About: Student at Hogeschool Rotterdam Creative Media and Game Technologies

Purpose

This is an instrument that uses a Ultrasonic sensor to measure the distance of an object (this could be your hand). With this a note is selected to play, in different modes the instrument plays different things. This could be a single note (for using the instrument as a bass) or multiple notes in sequence (for use as a synthesizer).

I recommend you make this only if you have a basic understanding of electronics and soldering.


Tools:

- 3D printer with a minimum print area of 12x8cm
- Laser cutter or CNC machine with a minimum work area of 300x200mm
- Sanding equipment
- Hot glue gun
- Soldering Iron
- Wire stripper

Materials:

- Wood (MDF) 3mm thick
The total size needed is 600x400mm but you can cut each part out of smaller planks, the minimum side needed then is 300x200mm (this is the outside dimention of a part needed so keep in mind that the outside does not need to be cut away if you use this method)

- Speaker (5W 8Ohms 93mm outer diameter)
you will most likely need to edit the dimensions of the speaker hole since not all speakers are alike
- Arduino (UNO)
- Dupont cables 20 and 10 cm
22x 10cm male - male
10x 20cm male - female
4 x 20cm female - female
(10cm cables)
(20cm cables)

- Wire
approx. 2x60cm (2mm thick, but this does not really matter that much)

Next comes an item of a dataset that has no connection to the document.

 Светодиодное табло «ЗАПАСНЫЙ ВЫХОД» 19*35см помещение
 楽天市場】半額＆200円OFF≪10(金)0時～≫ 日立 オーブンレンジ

- 2 Ferrite rings (for noice reduction, not neccesairy for function but reccomended)
- 4 buttons (16mm)
(16mm buttons)

- 1 piano pedal
- 20x4 LCD with I2C adapter
(20x4 LCD incl. I2C adapter)

- TDA2030A audio amp module
(TDA 2030 audio amp module)

- Arduino power source 5V or cut off usb cable to use with a power bank
- 3.5mm Audio Jack port
(3.5mm Audio Jack port (Not exactly the same as I use))
(2nd option)

- Heat Shrink tubing (2mm)
(Heat Shrink tubing set)
- Small breadboard (optional you can also solder the wires together where I use this)
(Mini Breadboard)

Design process and history


I made this instrument for a school project, I needed to design and build a smart object. After a bit of brainstorming I came with the idea to build a instrument that would play multiple notes when the user just gave the instrument 1.

When I first designed this instrument it looked a bit different and had a few other functions that the final product. My first criteria for this instrument where that it should be able to play diferent sounds (like a piano or guitar sound) and play chords. However after a few revisions I could not figure out how to play the sound files from a sd card, the sound kept getting messed up. So in a later iteration I decided the instrument should just play PWM signals which also sound nice. This is the point where this turned from a piano with a ultrasonic sensor to a smart version of a Theramin.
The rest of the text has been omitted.